Vivian looked at him and then at the general direction Zildrohar-Cqulu had left in.
“We declare an emergency. A chemical leak. We need these homes evacuated.”
Rod nodded and discovered that nodding hurt.
“And we follow its trail,” she said.
Morag dashed across a road, through the gap in an iron railing fence made by the passage of a god and into a well-lit car park at the rear of a huge square building that might have been a factory or might have been a college of the sort built in the decades that architecture forgot. Across the way, the elephantine Venislarn stood with its front claws on a white transit van, chewing on the unfortunate men who had been in it. A security guard whose commitment to his job was woefully misplaced ran towards the Venislarn, waving his torch about as though that would somehow make a difference.
Zildrohar-Cqulu issued a mighty chordal roar and the guard immediately fell to his knees and began to bash at his own skull with the torch. On the third strike, the torch went out and she did not see what became of him.
Beyond Zildrohar-Cqulu and the end of the car park stood a church and an apartment block. The noise the creature made was going to draw attention and the sanity-robbing power of his cry would soon have people killing themselves or others. Getting the god-monster away from the general populace and out of sight seemed the best plan.
“Hey!” she yelled. “Hey, Yo-Zildrohar!”
The Venislarn swung its spiked head about and regarded her with opalescent eyes. Morag instantly saw – instantly felt – that she was utterly beneath him. She was not merely insignificant; on a molecular level, an atomic level, she belonged to the order of things that were not worth paying attention to. Its head swung away and it began to head out of the car park.
“Hey!” she screamed. “Hey, per muda khi ummaq! Don’t you turn your back on me!”
It was enough. Zildrohar-Cqulu turned, swatted the savaged transit van aside and roared. Morag felt his hatred, his real and physical hatred, stab into her.
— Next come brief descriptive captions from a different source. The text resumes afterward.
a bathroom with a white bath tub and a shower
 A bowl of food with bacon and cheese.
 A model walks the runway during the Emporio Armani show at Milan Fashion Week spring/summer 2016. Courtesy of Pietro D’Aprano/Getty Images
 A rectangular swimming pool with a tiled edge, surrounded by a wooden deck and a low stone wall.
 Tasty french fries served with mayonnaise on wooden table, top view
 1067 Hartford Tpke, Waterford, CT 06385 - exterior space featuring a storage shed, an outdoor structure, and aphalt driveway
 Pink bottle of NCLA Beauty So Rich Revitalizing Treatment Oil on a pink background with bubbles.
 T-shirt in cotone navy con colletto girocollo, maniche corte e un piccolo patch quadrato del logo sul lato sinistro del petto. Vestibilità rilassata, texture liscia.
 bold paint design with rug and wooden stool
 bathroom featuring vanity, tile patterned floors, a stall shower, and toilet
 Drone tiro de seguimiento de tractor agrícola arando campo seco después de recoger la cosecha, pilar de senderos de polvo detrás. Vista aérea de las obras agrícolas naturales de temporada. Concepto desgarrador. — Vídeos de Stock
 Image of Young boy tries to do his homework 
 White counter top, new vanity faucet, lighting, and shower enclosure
She summoned what Venislarn prayers she could bring to mind and recited them until the psychic assault lessened.
Zildrohar-Cqulu was stalking rapidly towards her.
Morag ran off to the side, aiming for an open freight service door in the square building. The Venislarn god followed, which was simultaneously what Morag wanted and a very bad thing indeed. Fear gave her speed but she was no match for the enormous alien. If she got to the service bay ahead of Zildrohar-Cqulu it would be only just, and then he would have her.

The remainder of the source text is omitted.